Start of DATA FOR PROCESSING
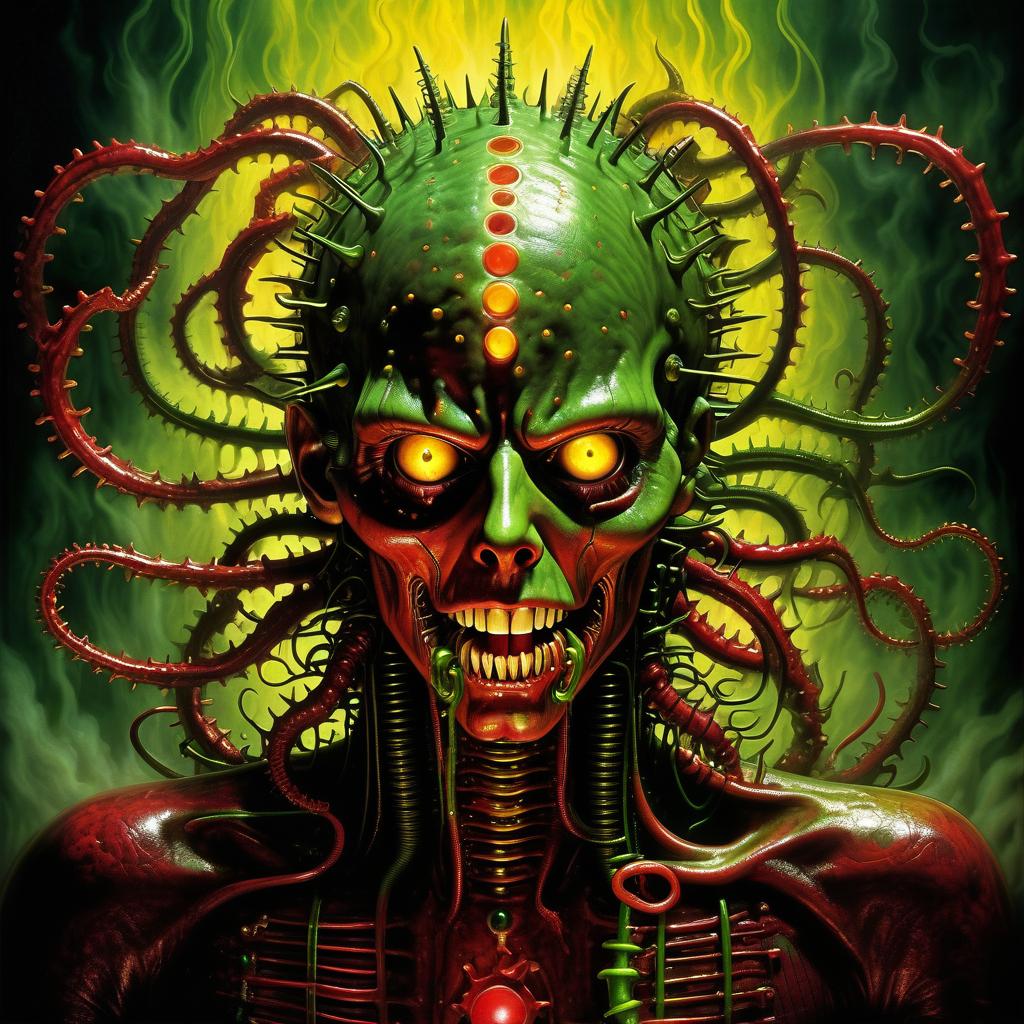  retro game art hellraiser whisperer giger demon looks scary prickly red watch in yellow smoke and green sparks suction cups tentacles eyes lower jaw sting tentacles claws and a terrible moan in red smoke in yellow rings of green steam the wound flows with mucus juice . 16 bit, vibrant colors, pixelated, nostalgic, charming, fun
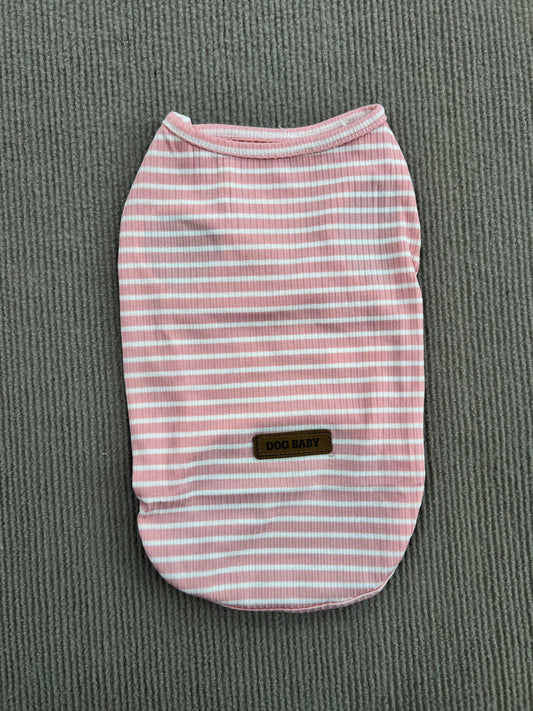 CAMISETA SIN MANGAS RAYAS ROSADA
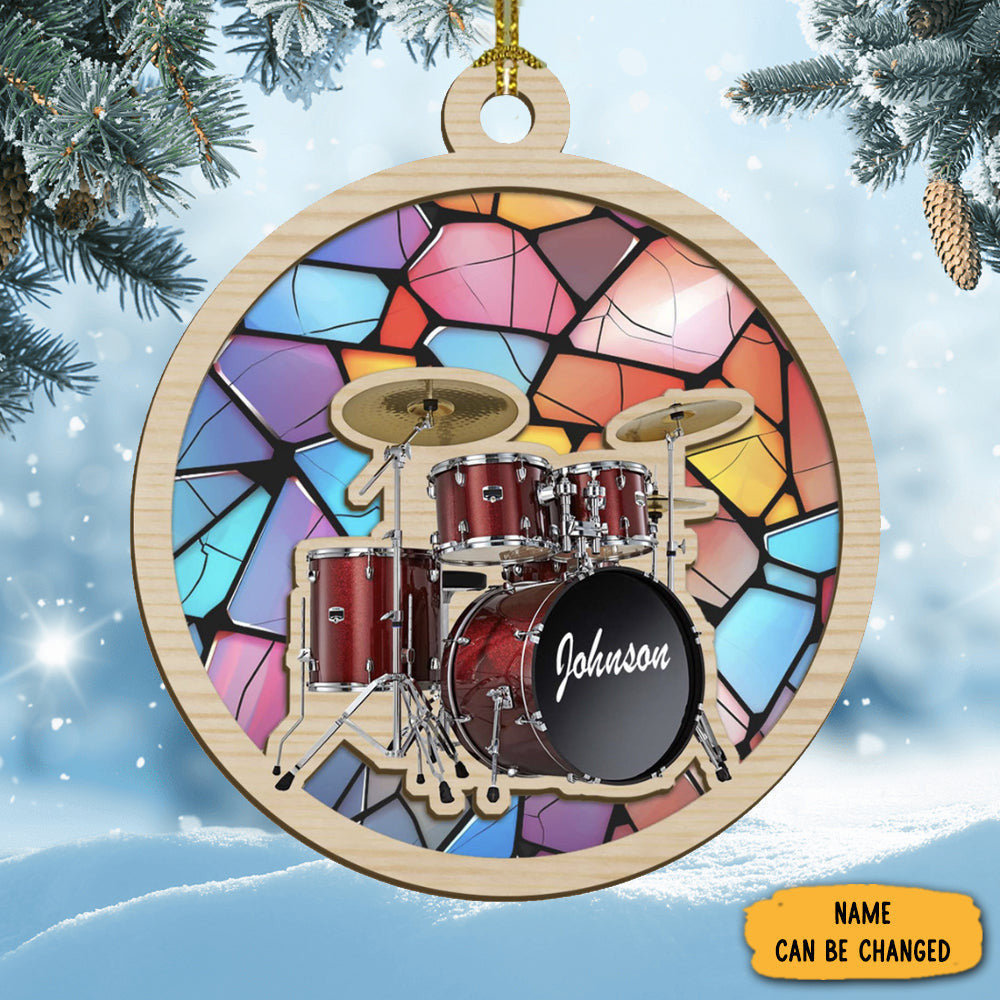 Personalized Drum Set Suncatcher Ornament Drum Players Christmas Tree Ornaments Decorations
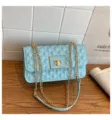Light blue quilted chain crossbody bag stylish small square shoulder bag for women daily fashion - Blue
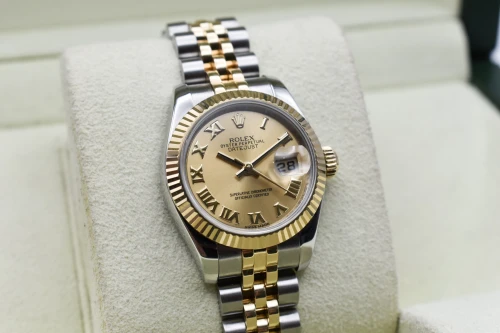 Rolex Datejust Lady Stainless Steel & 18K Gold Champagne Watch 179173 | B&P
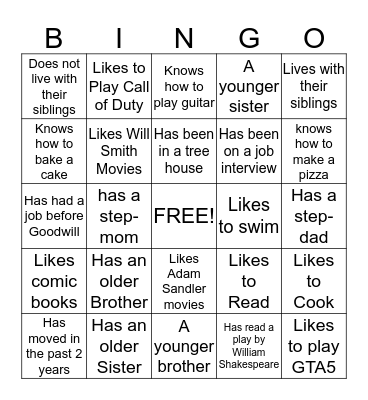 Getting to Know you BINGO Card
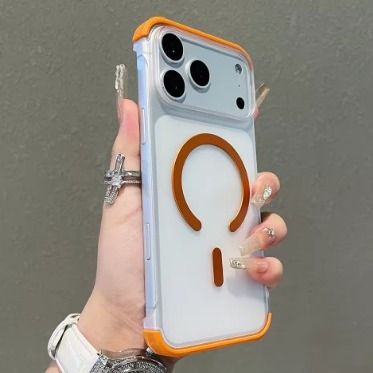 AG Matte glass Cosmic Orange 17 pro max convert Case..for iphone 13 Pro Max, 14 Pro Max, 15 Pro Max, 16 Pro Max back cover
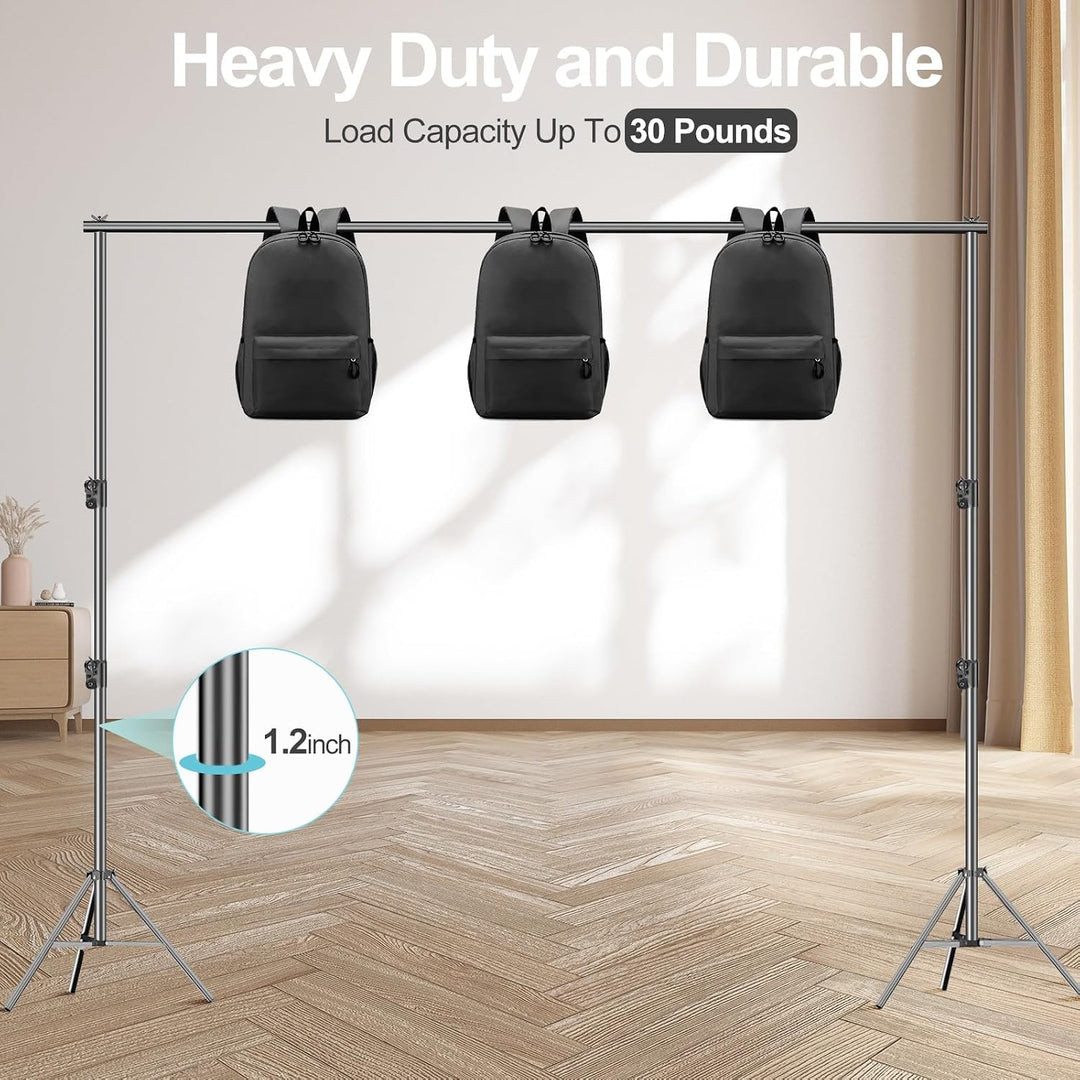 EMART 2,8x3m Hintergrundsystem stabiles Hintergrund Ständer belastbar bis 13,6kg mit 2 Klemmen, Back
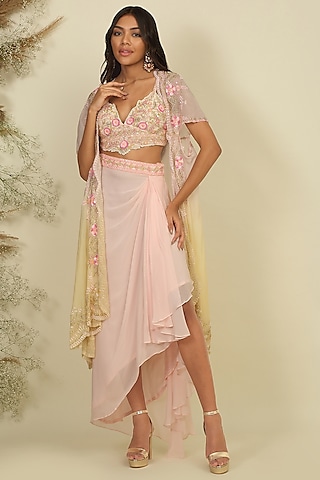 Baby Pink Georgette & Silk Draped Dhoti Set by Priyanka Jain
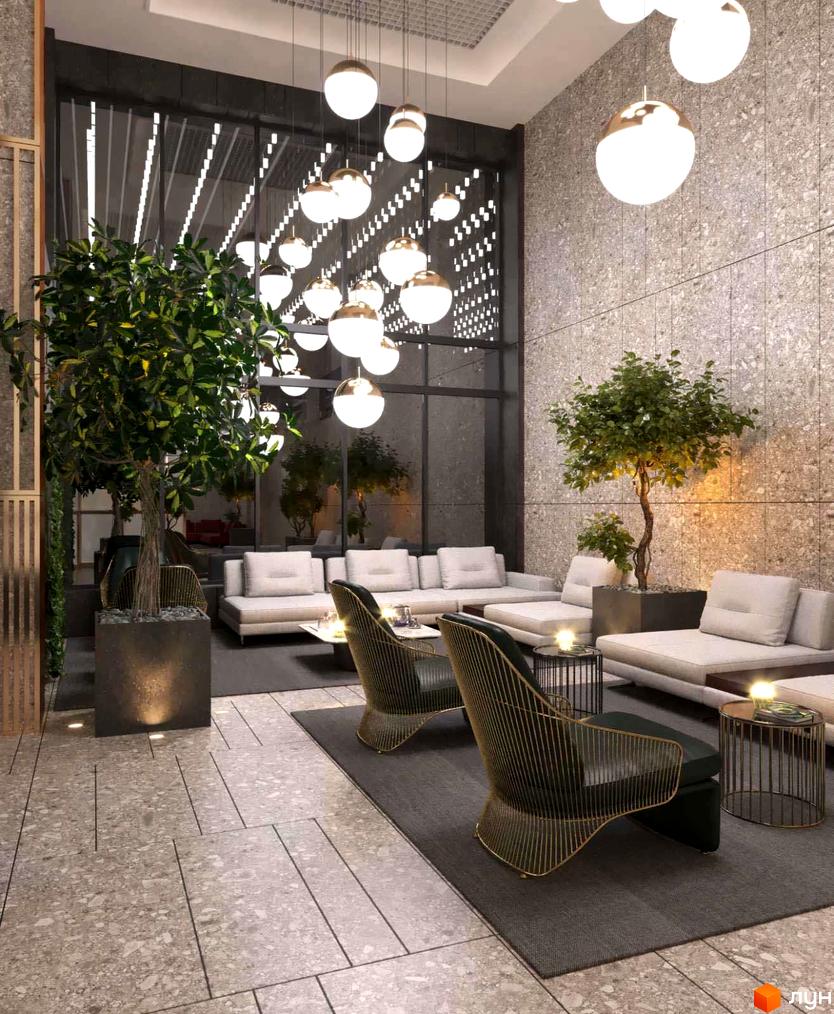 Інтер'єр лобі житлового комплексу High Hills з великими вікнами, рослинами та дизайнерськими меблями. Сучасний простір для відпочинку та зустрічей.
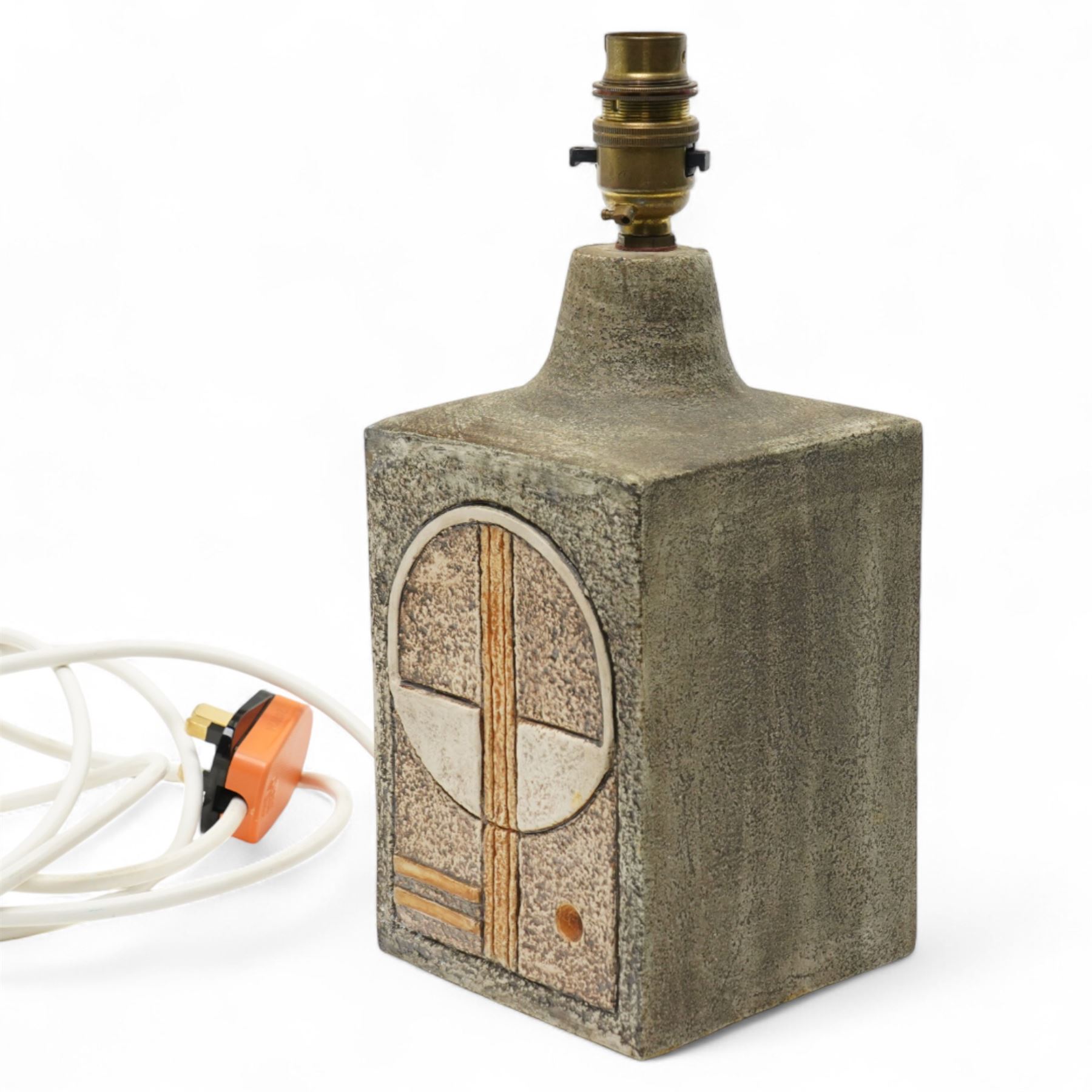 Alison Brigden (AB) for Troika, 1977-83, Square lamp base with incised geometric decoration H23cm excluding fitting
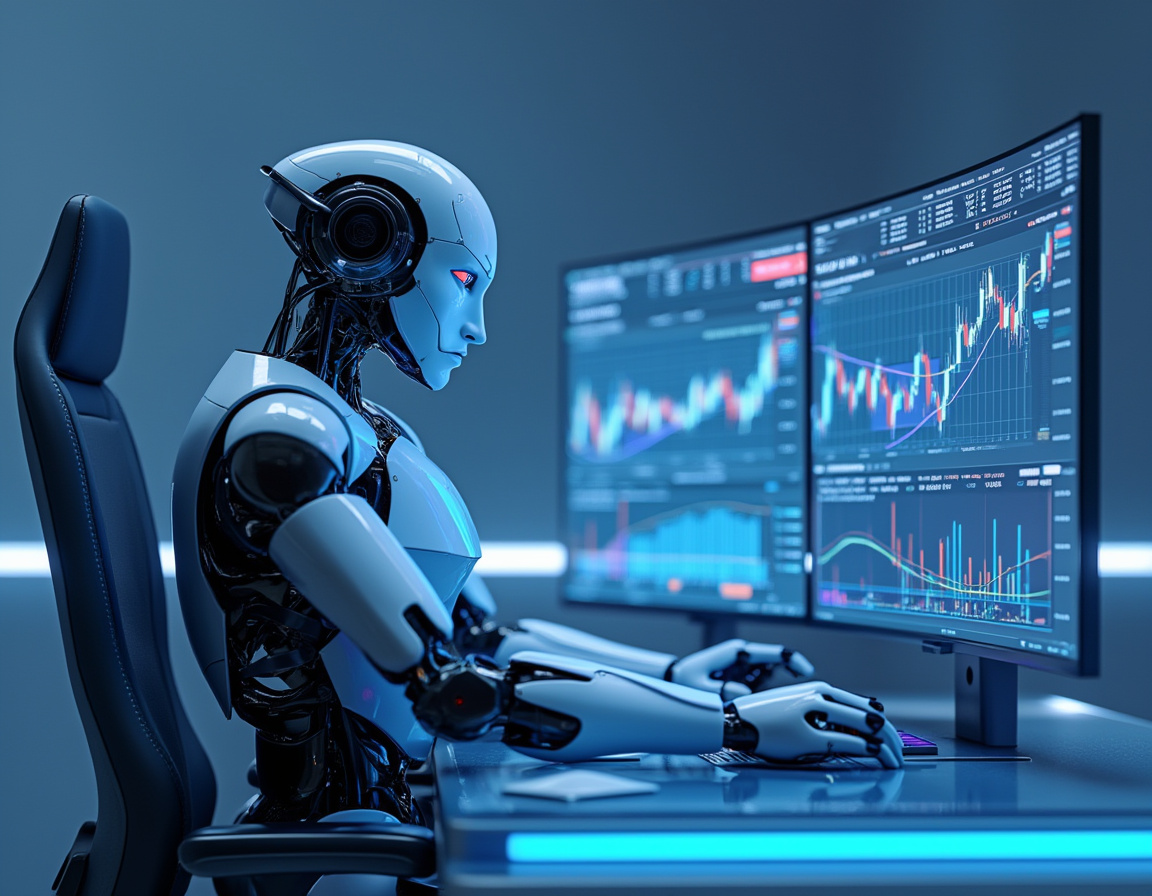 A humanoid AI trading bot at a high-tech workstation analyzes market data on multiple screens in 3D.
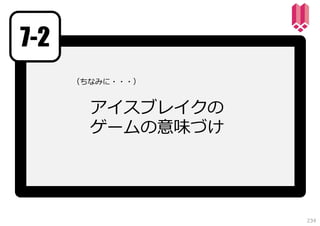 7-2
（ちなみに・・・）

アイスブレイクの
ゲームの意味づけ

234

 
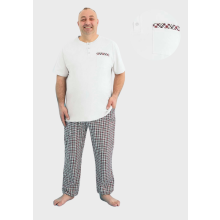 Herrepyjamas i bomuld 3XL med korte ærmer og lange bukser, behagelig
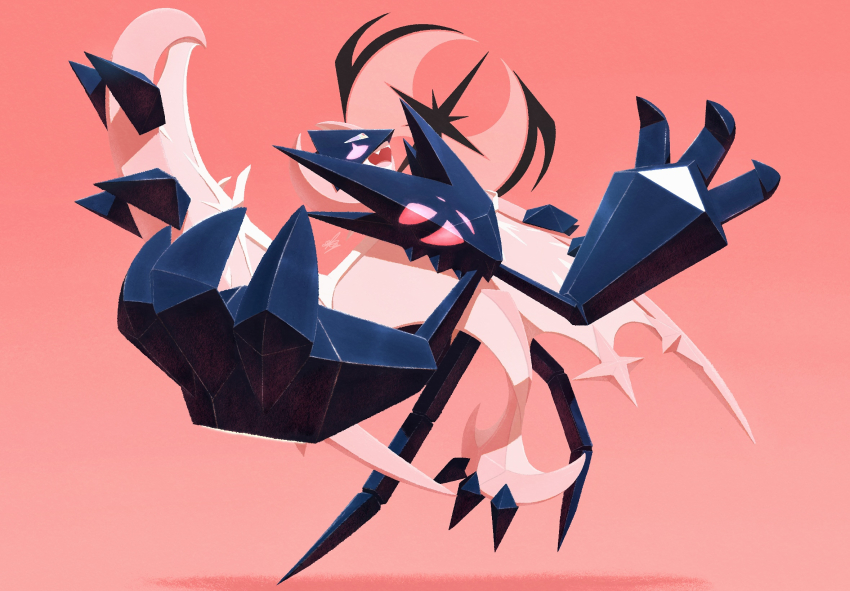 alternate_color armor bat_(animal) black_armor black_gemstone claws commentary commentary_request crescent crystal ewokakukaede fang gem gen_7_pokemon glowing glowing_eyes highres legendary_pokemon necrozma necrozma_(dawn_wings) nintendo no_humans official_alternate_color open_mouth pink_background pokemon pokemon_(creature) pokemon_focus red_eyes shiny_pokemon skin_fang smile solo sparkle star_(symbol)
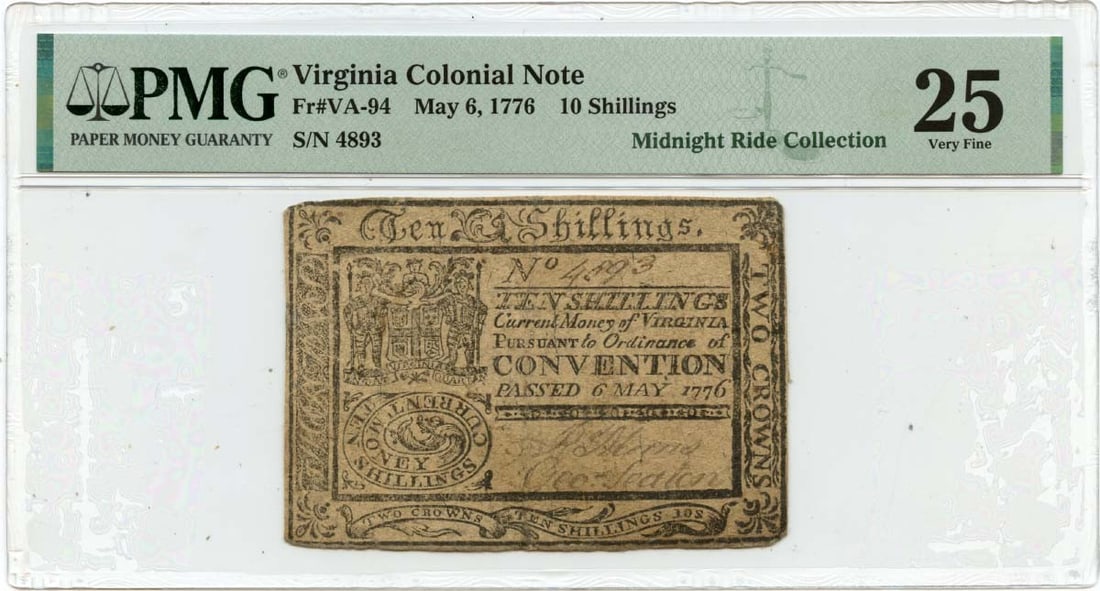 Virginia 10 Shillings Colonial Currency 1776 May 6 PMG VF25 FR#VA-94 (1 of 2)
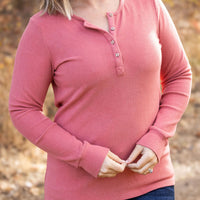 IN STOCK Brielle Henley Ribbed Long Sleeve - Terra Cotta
End of DATA FOR PROCESSING
• [AIM OF THE TASK] Return the records above verbatim, leaving out images.

• [RESPONSE TO THE TASK]
  retro game art hellraiser whisperer giger demon looks scary prickly red watch in yellow smoke and green sparks suction cups tentacles eyes lower jaw sting tentacles claws and a terrible moan in red smoke in yellow rings of green steam the wound flows with mucus juice . 16 bit, vibrant colors, pixelated, nostalgic, charming, fun
 CAMISETA SIN MANGAS RAYAS ROSADA
 Personalized Drum Set Suncatcher Ornament Drum Players Christmas Tree Ornaments Decorations
Light blue quilted chain crossbody bag stylish small square shoulder bag for women daily fashion - Blue
 Rolex Datejust Lady Stainless Steel & 18K Gold Champagne Watch 179173 | B&P
 Getting to Know you BINGO Card
 AG Matte glass Cosmic Orange 17 pro max convert Case..for iphone 13 Pro Max, 14 Pro Max, 15 Pro Max, 16 Pro Max back cover
 EMART 2,8x3m Hintergrundsystem stabiles Hintergrund Ständer belastbar bis 13,6kg mit 2 Klemmen, Back
 Baby Pink Georgette & Silk Draped Dhoti Set by Priyanka Jain
 Інтер'єр лобі житлового комплексу High Hills з великими вікнами, рослинами та дизайнерськими меблями. Сучасний простір для відпочинку та зустрічей.
 Alison Brigden (AB) for Troika, 1977-83, Square lamp base with incised geometric decoration H23cm excluding fitting
 A humanoid AI trading bot at a high-tech workstation analyzes market data on multiple screens in 3D.
 7-2
（ちなみに・・・）

アイスブレイクの
ゲームの意味づけ

234

 
 Herrepyjamas i bomuld 3XL med korte ærmer og lange bukser, behagelig
 alternate_color armor bat_(animal) black_armor black_gemstone claws commentary commentary_request crescent crystal ewokakukaede fang gem gen_7_pokemon glowing glowing_eyes highres legendary_pokemon necrozma necrozma_(dawn_wings) nintendo no_humans official_alternate_color open_mouth pink_background pokemon pokemon_(creature) pokemon_focus red_eyes shiny_pokemon skin_fang smile solo sparkle star_(symbol)
 Virginia 10 Shillings Colonial Currency 1776 May 6 PMG VF25 FR#VA-94 (1 of 2)
 IN STOCK Brielle Henley Ribbed Long Sleeve - Terra Cotta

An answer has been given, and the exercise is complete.